What the exercise asks => Reproduce the section of the listing that begins at the line containing "Vit t-shirt med" and finishes at the line containing "Fase Crescente da". Include both end lines and nothing beyond them.
____ The records
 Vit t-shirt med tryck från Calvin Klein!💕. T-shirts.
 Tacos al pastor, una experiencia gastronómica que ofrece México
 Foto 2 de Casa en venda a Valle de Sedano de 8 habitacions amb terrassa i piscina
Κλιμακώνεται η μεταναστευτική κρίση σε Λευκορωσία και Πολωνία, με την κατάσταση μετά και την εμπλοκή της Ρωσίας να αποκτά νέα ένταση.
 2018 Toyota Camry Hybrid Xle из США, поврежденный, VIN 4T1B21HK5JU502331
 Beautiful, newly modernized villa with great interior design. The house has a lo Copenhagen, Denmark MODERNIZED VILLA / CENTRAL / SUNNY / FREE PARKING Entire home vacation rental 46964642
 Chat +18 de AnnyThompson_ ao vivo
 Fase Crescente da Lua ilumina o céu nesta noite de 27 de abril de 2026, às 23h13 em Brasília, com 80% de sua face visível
________
____ The records
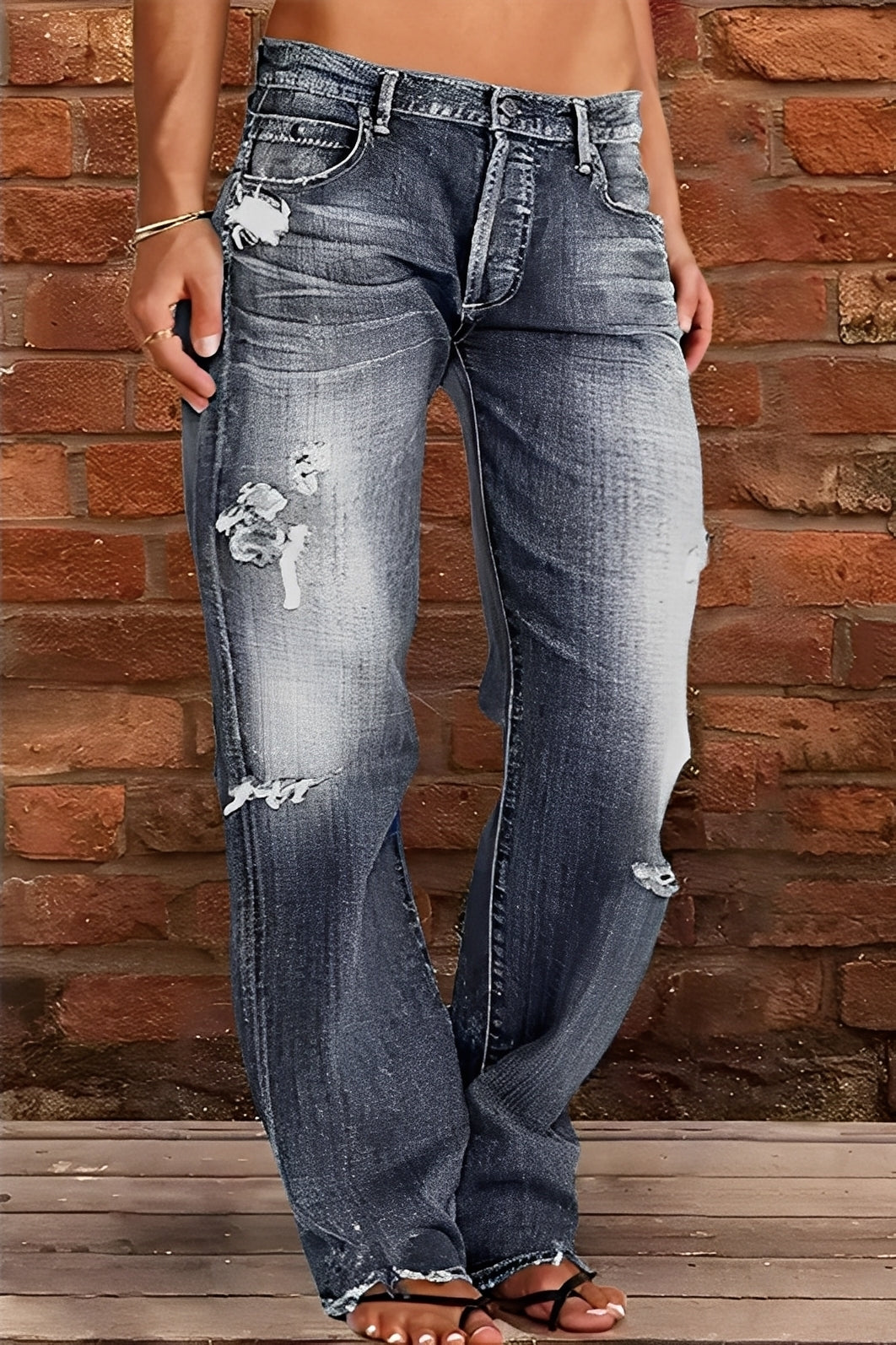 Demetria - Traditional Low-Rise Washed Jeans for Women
________
Answer to the exercise =>
 Vit t-shirt med tryck från Calvin Klein!💕. T-shirts.
 Tacos al pastor, una experiencia gastronómica que ofrece México
 Foto 2 de Casa en venda a Valle de Sedano de 8 habitacions amb terrassa i piscina
Κλιμακώνεται η μεταναστευτική κρίση σε Λευκορωσία και Πολωνία, με την κατάσταση μετά και την εμπλοκή της Ρωσίας να αποκτά νέα ένταση.
 2018 Toyota Camry Hybrid Xle из США, поврежденный, VIN 4T1B21HK5JU502331
 Beautiful, newly modernized villa with great interior design. The house has a lo Copenhagen, Denmark MODERNIZED VILLA / CENTRAL / SUNNY / FREE PARKING Entire home vacation rental 46964642
 Chat +18 de AnnyThompson_ ao vivo
 Fase Crescente da Lua ilumina o céu nesta noite de 27 de abril de 2026, às 23h13 em Brasília, com 80% de sua face visível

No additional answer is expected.